_Assignment_.
Your task is to reproduce exactly the lines that run from the beginning of the data through the line where "EAT NATURAL —" appears.

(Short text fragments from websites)
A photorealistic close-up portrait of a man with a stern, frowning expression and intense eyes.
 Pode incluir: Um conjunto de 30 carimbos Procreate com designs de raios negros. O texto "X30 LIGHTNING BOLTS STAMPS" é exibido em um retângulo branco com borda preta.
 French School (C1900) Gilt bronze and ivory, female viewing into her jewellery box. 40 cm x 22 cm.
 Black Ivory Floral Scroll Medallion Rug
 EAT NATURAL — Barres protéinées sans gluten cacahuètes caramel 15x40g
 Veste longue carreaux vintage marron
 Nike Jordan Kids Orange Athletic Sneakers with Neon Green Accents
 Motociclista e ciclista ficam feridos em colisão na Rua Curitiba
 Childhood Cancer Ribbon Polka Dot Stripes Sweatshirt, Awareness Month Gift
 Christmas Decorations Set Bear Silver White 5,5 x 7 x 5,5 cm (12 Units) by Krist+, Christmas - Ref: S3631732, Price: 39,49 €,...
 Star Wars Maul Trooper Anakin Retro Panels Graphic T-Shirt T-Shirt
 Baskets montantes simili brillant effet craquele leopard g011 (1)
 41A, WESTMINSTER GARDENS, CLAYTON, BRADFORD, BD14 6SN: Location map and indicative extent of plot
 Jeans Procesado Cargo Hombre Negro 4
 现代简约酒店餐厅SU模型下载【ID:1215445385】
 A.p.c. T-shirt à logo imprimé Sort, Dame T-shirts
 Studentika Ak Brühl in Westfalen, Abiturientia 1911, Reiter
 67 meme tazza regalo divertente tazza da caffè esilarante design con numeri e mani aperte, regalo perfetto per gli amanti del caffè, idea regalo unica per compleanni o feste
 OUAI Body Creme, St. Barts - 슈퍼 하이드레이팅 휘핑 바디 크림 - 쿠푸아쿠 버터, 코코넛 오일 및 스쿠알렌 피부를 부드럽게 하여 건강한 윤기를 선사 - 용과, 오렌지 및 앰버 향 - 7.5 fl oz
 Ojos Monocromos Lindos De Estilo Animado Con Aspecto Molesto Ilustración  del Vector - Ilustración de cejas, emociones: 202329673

_Answer space_.
A photorealistic close-up portrait of a man with a stern, frowning expression and intense eyes.
 Pode incluir: Um conjunto de 30 carimbos Procreate com designs de raios negros. O texto "X30 LIGHTNING BOLTS STAMPS" é exibido em um retângulo branco com borda preta.
 French School (C1900) Gilt bronze and ivory, female viewing into her jewellery box. 40 cm x 22 cm.
 Black Ivory Floral Scroll Medallion Rug
 EAT NATURAL — Barres protéinées sans gluten cacahuètes caramel 15x40g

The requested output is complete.